Sunday, September 20, 2015

The Importance of Beauty in Catholic Life

An interview with artist Daniel Mitsui:
Catholicism is traditional. It contends that the Apostles received a Revelation almost two thousand years ago; their witness was preserved in a law of worship which establishes our law of belief. This idea affects every aspect of Catholic life, including art. The conviction of Catholic artists, everywhere at least through the Middle Ages, was that they were preserving an ancient memory; this was succinctly expressed at the Second Council of Nicea: The composition of religious imagery is not left to the initiative of artists, but is formed upon principles laid down by the Catholic Church and by religious tradition ... The execution alone belongs to the painter; the selection and arrangement of subject belong to the Fathers.

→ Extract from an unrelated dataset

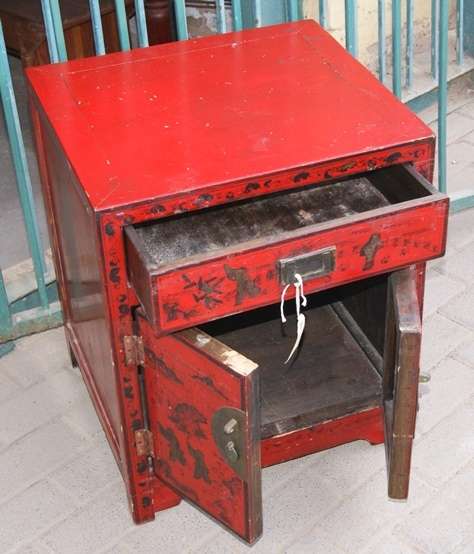 DM84Sale - VINTAGE ORIENTAL LACQUER HAND PAINTED PEDESTAL  @@@ CRAZZYYY R1 START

Of course, there is development in Catholic art over time. St. Vincent of Lerins says that authentic development of tradition is like the growth of a body; it looks different in maturity than in infancy, but it has all the same parts. When I draw a scene from the Gospels, I study depictions of the same scene in the work of ancient and medieval Catholic artists. I look for selections and arrangements of subject that endure across historic and geographic boundaries, and perpetuate them as a matter of duty. Doing so makes me a participant in a tradition that stretches back to the very beginnings of Christianity. That is an awesome privilege.